Незнакомка на резкость совершенно не обиделась.
– Хороший ты парень, много добра сделаешь, – она сверкнула белозубой улыбкой. – Я вижу, тоже будешь скоро беречь себя.
Не знаю, кем была эта женщина. Одно время вроде ходили слухи об открытии в нашем институте факультета, где будут изучать экстрасенсорику, биоэнергетику и всякие прочие целительские, но необъяснимые с позиции официальной медицины вещи. Потом идея, изначально не предназначенная для реализации в рамках «совка», заглохла.
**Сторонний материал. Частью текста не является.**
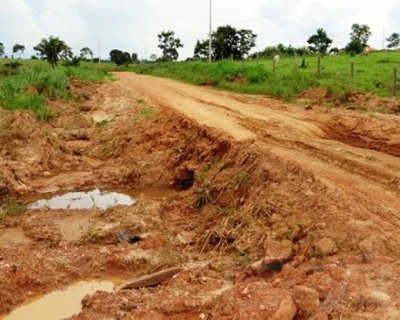 Empresário denuncia irregularidades na construção de estradas rurais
Как бы то ни было, таинственная незнакомка во всем оказалась права.
А в тот вечер... Курить мне не хотелось. Я и думать забыла о том, что случилось в институте. В кино – как всегда, моя взяла! – мы все-таки сходили. А после фильма устроились на лавочке, достали коробок спичек и пачку «Столичных» и высмолили, по обычной нашей привычке, одну сигарету на двоих. Сначала дым показался особенно гадким, вонючим и душащим, а потом я с ужасом вспомнила, что теперь уже точно вот-вот умру.
– Ерунды не говори. Умереть не так уж и просто на самом деле, – рассуждал однокурсник, занудно цитируя длинный фармакологический список, призванный не допустить меня на тот свет.
Чем больше он меня утешал, тем яснее становилось: жизнь кончена. Влетев домой со слезами на глазах, я страстно затискала перепуганных маму и папу. И, всхлипывая, все повторяла:
– Как я вас люблю! Я вас так люблю!
Обеспокоенные, родители засыпали меня ворохом вопросов, но отвечать на них у меня не было ни сил, ни желания. Не говорить же, что я вот так, по глупости, забыла о странном внушении-проклятии, опрометчиво подымила и скоро умру!